Thirty eight reasons to have a minor melt down

In April of 2012, I shot my first concert at Metro, Chicago. And over the following year and into this one, I shot plenty more.

There is little to no pay in concert photography unless you’re shooting for a big magazine or you sell your images to stock. There’s a phenomenon in the photography industry that someone somewhere convinced photographers to do concerts gratis.

There are a shit ton of us out there, shooting for pebbles.

I was really looking forward to shooting this year’s Lollapalooza, but found out 2 weeks out that I wasn’t going to be shooting this year, because Lolla decided to only let in two photographers from any resource.

It was disheartening. I felt rejected. I felt that my work wasn’t good enough to get me into Lolla.

So I made the best of it, and scheduled other things. I also found out about that time that Alt-J was playing at a venue near my house, and lots of my friends were buying tickets to go. I thought it’d be great to shoot the show and then stay and watch the concert with my friends.

I made a request with Time Out Chicago for the gig on July 19, and my photo editor said, “It’s all yours. I’ll put in the request for the credentials.”

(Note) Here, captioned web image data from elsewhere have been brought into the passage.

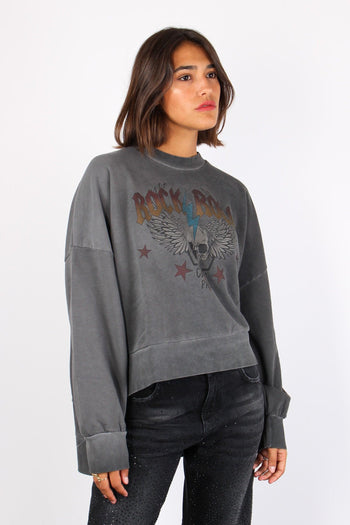 Felpa Vintage Rock & Roll Nero Slavato - 5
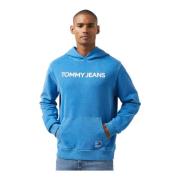 Tommy Jeans Blå Hoodie 100% bomull Blue, Herr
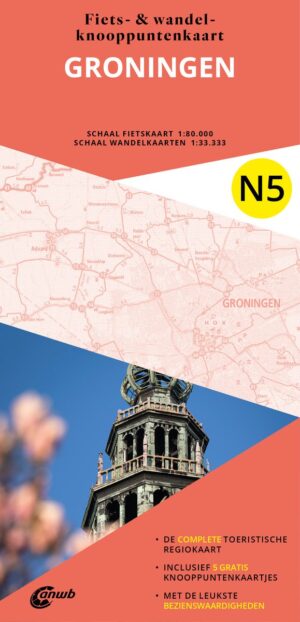 N5 Groningen 9789018055271  ANWB ANWB Fiets & wandelknooppunten  Fietsgidsen, Wandelkaarten Groningen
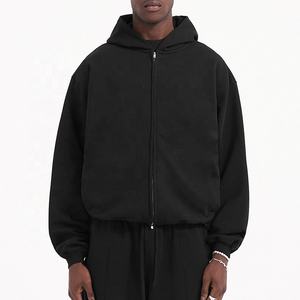 Wholesale oem high quality oversized blank <b>black</b> <b>hoodies</b> fleece heavyweight men's boxy custom <b>zip</b> <b>up</b> hoodie - Product Image 1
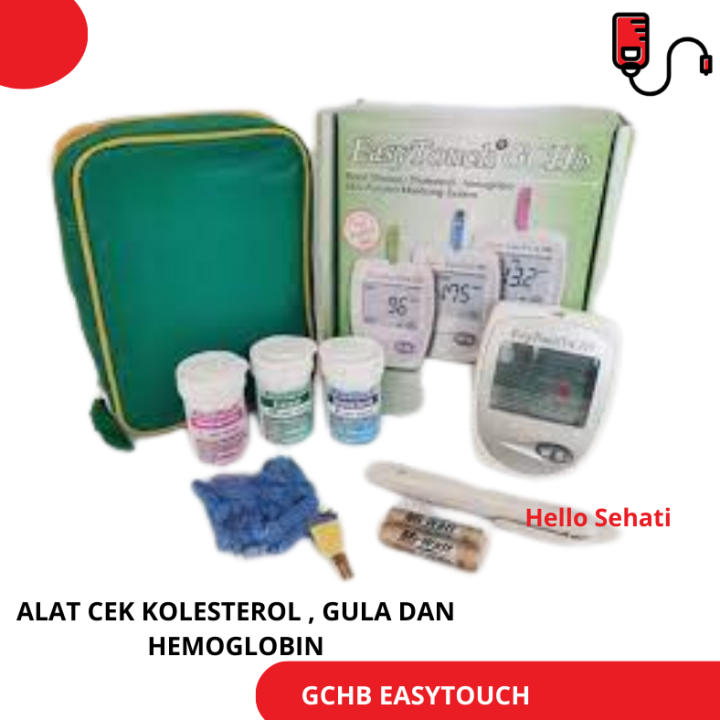 Easy Touch GCHB Alat Cek Gula Cholesterol Kolesterol Hemoglobin Alat ...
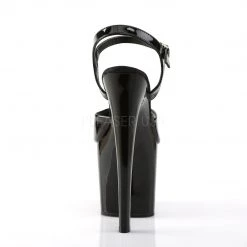Pleaser Shoes 7.5 Inch Black Ankle Strap Heels*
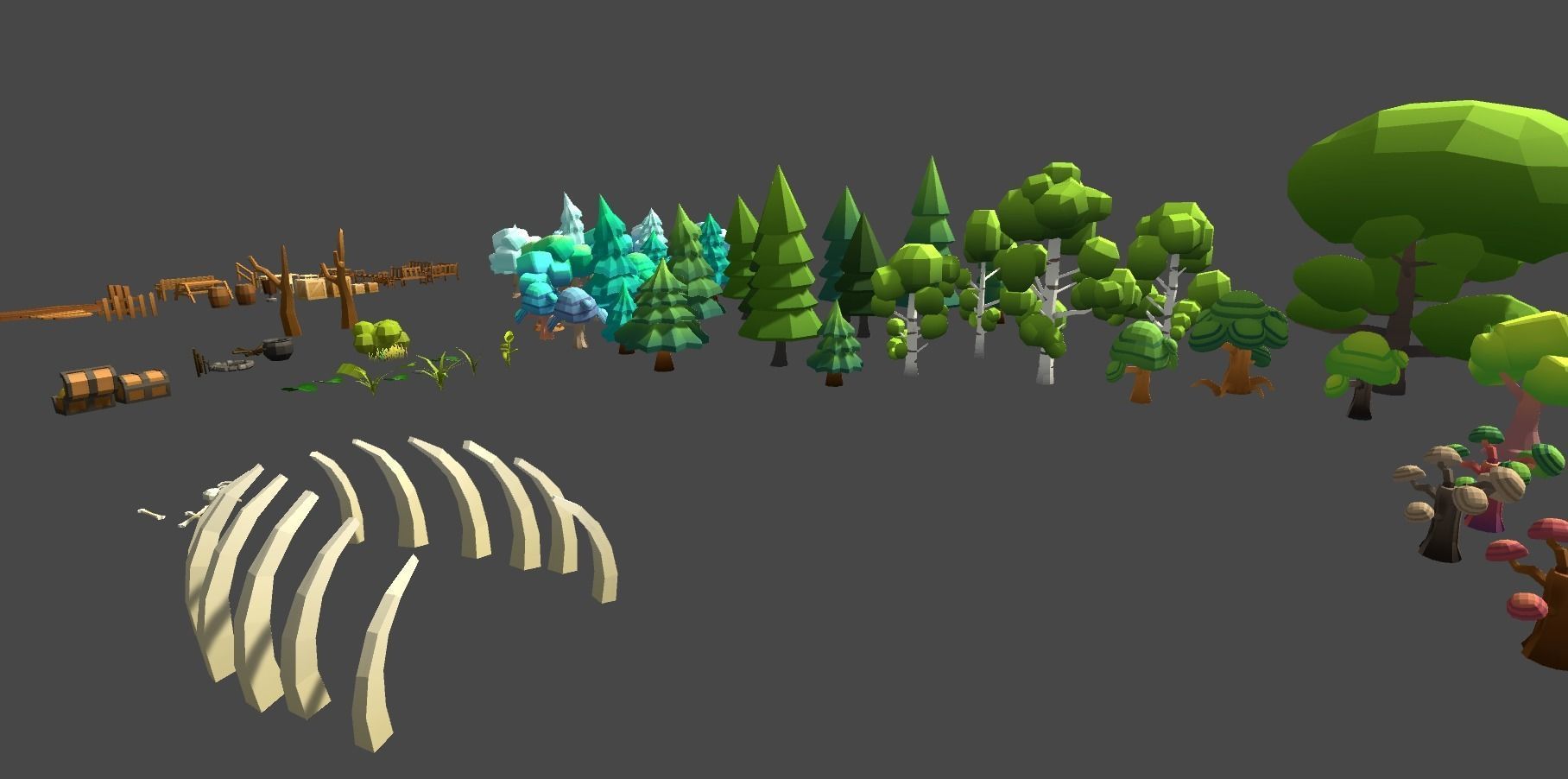 Low Poly World farm with wooden fence and trees Low-poly 3D model_11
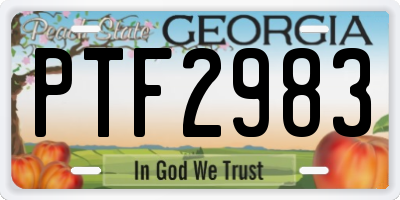GA license plate PTF2983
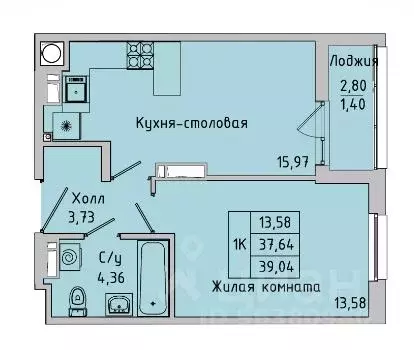 1-к кв. Ростовская область, Батайск ул. Ушинского, 27Ак2 (39.04 м) - Фото 0
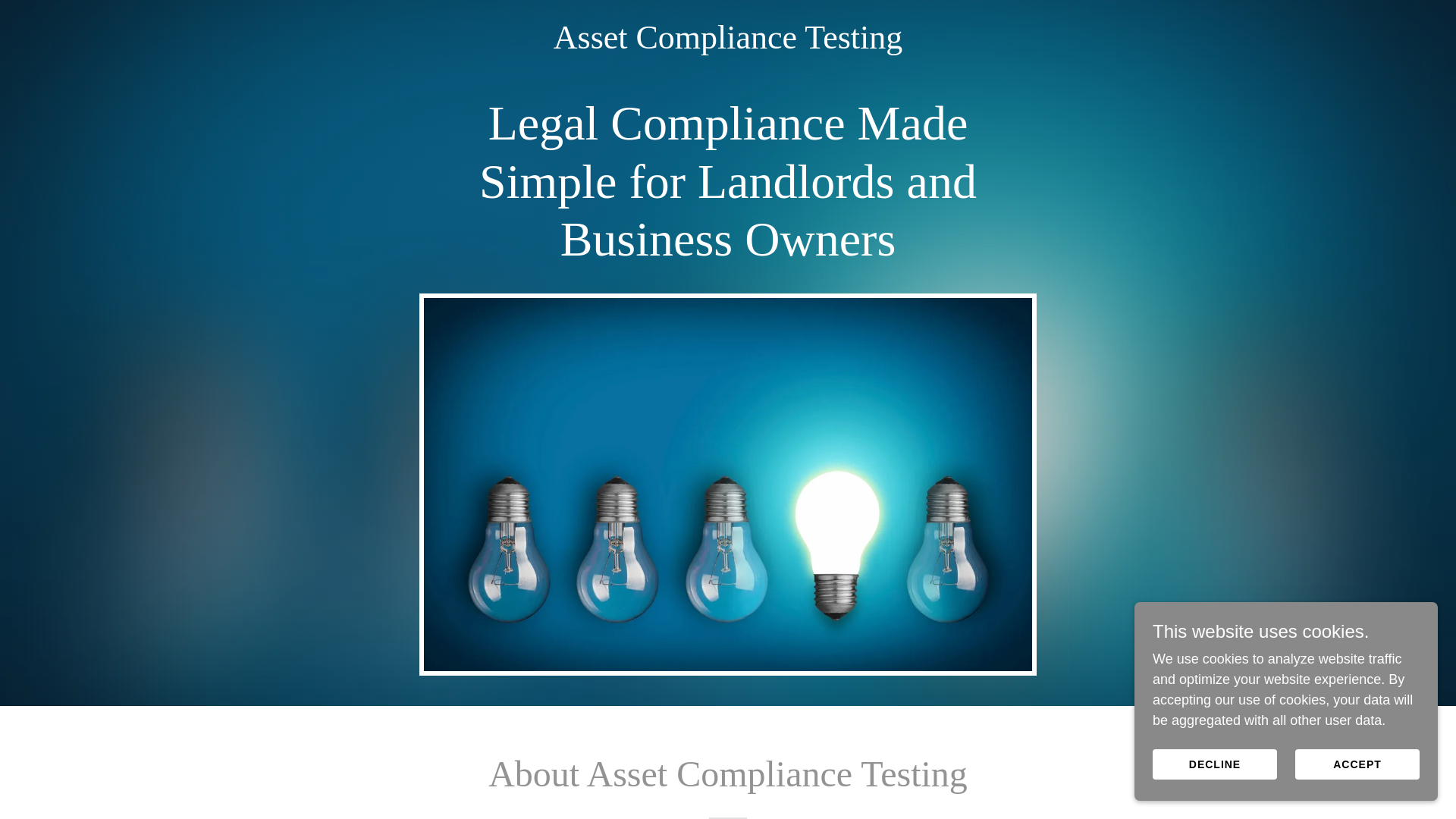 website screenshot of https://assetcompliancetesting.co.uk/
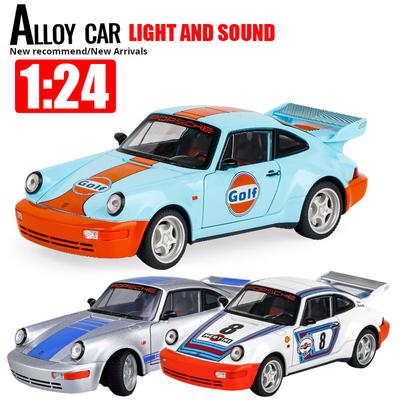 Escala 1/24 Porsche 964 Carrera RS 911 Coche de Aleación Diecasts y Vehículos de Juguete Modelo de Coche Sonido y Luz Coche de Fricción Juguetes para Niños Regalos
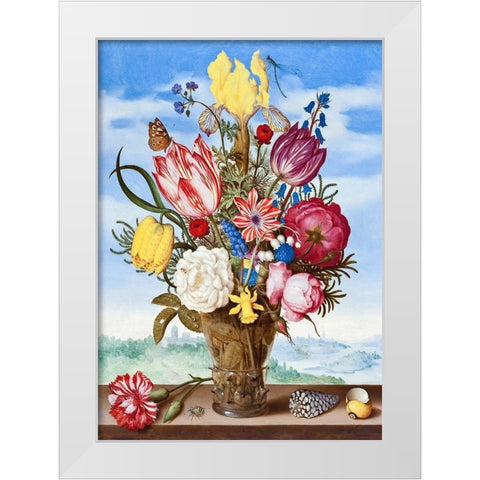 Bouquet of Flowers on a Ledge White Modern Wood Framed Art Print by Bosschaert, Ambrosius the Elder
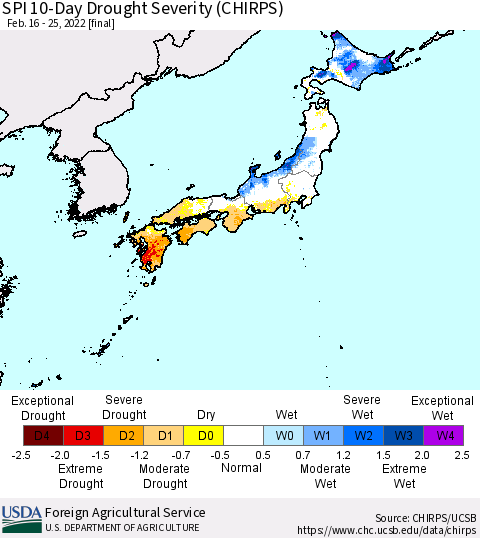 Japan SPI 10-Day Drought Severity (CHIRPS) Thematic Map For 2/16/2022 - 2/25/2022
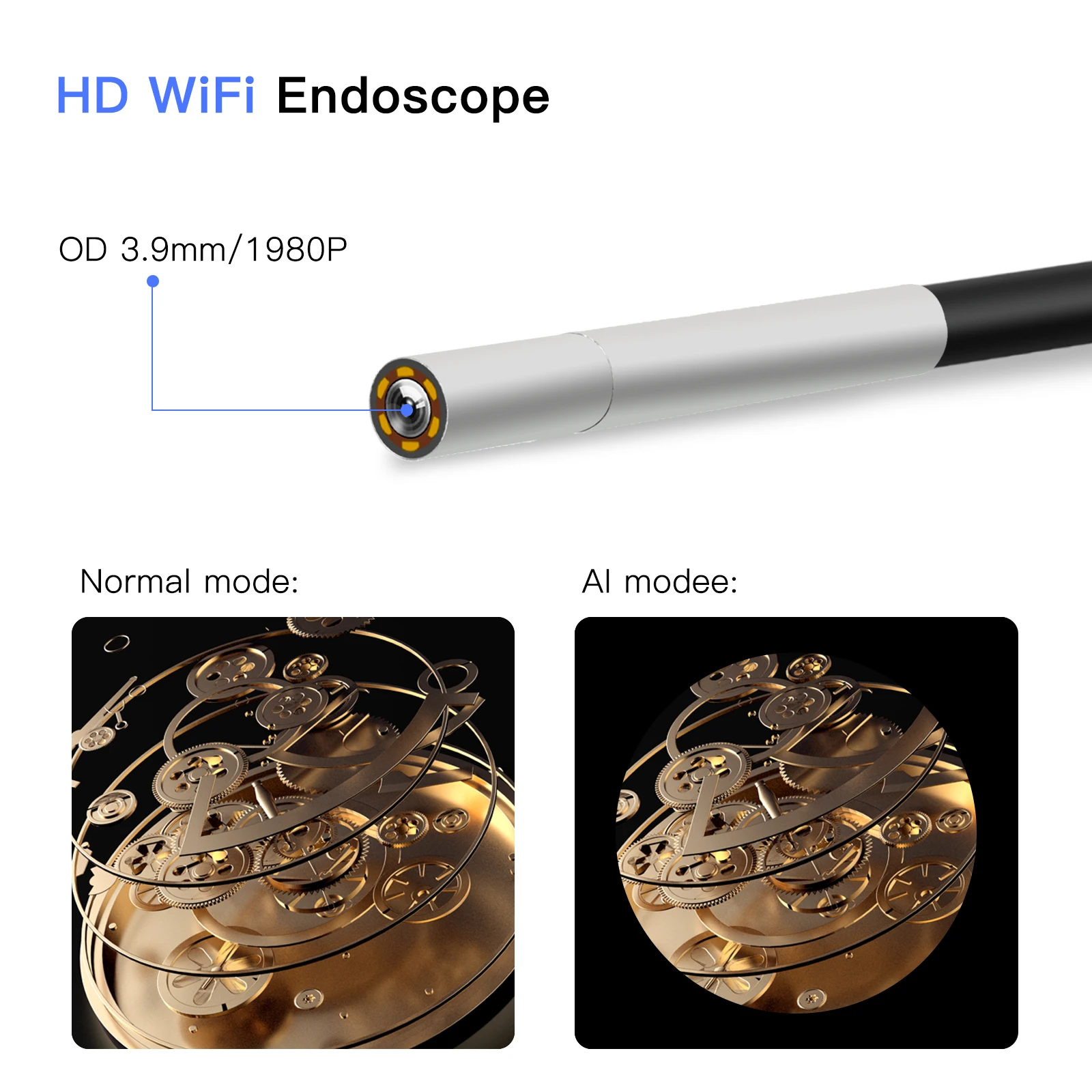 

3,9 мм/5,5 мм/8 мм беспроводной WIFI 2MP 1080P эндоскоп CMOS бороскоп осмотр USB отоскоп камера цифровой микроскоп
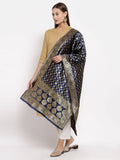 Myshka Women's Black Silk Print Casual Dupatta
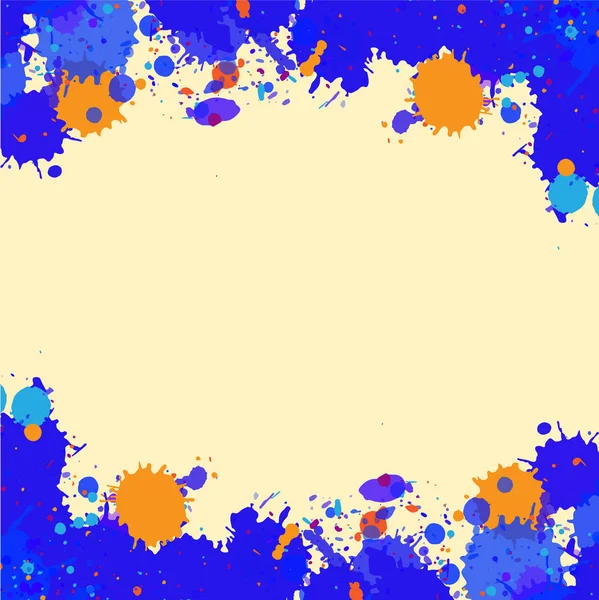 Zářivé Světlé Modré Oranžové Akvarel Barvy Umělecké Šplouchat Nad Béžové — Stockový vektor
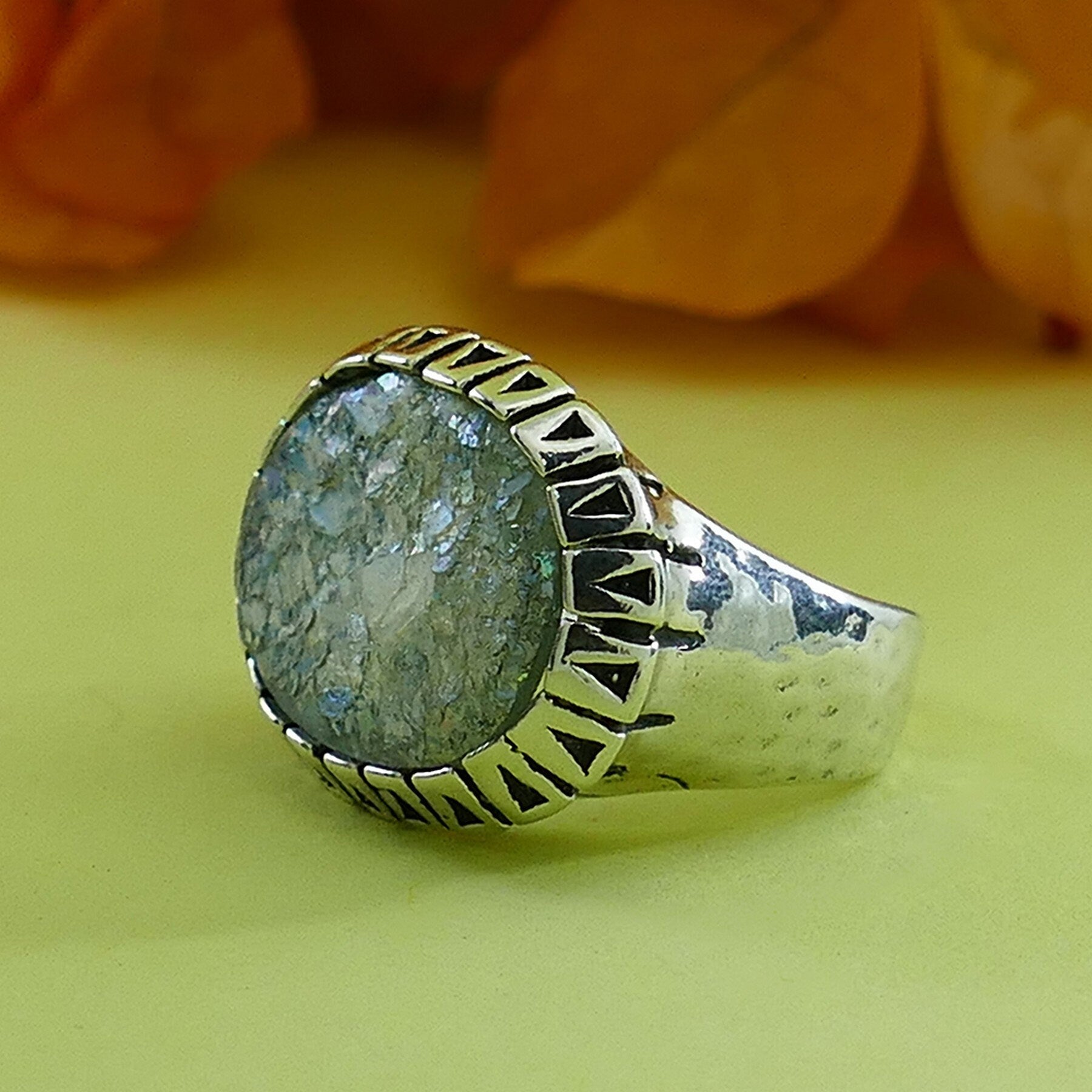 SPIRA Handcrafted Green Roman Glass 925 Sterling Silver Handmade Statement Ring Set Setting, Gypsy ring, Bohemian ring,Hippie ring,Boho ring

Yesterday, I sent an email to the photo editor, and she responded saying she got another request from another photographer before mine and that she gave it to the other photographer. So I wrote to the other photographer and said, “Hey, hope you’re well. Do you happen to have a time stamp date on your request to shoot Alt-J?”

She wrote back and said, “Aug. 26.”

Fuck! Not only did the photo editor lie to me, but I am now not able to attend the sold out show with my friends, including Tina … who NEVER goes to concerts.

So I wrote back to my photo editor with the screen cap of my conversation with the other photographer, a copy of my original email from July 19, and I said, “So here’s a screen cap of my conversation with the other photographer. She requested it over a month after me. However the fuck a person quits a job like this, I fucking quit.”

To add insult to injury, I wasn’t having that great of a day yesterday. Among things like my phone threatening to kick the bucket, I was having a minor melt down about a slew of other things that all culminated into a really grumpy attitude. To somewhat celebrate my birthday, we bought dry-aged steak from Whole Paycheck, and it must have been my damned-if-I-do, damned if I don’t attitude, but I fucking hated my steak.


It is what it is, though.

Next year. I’m going to do it up right!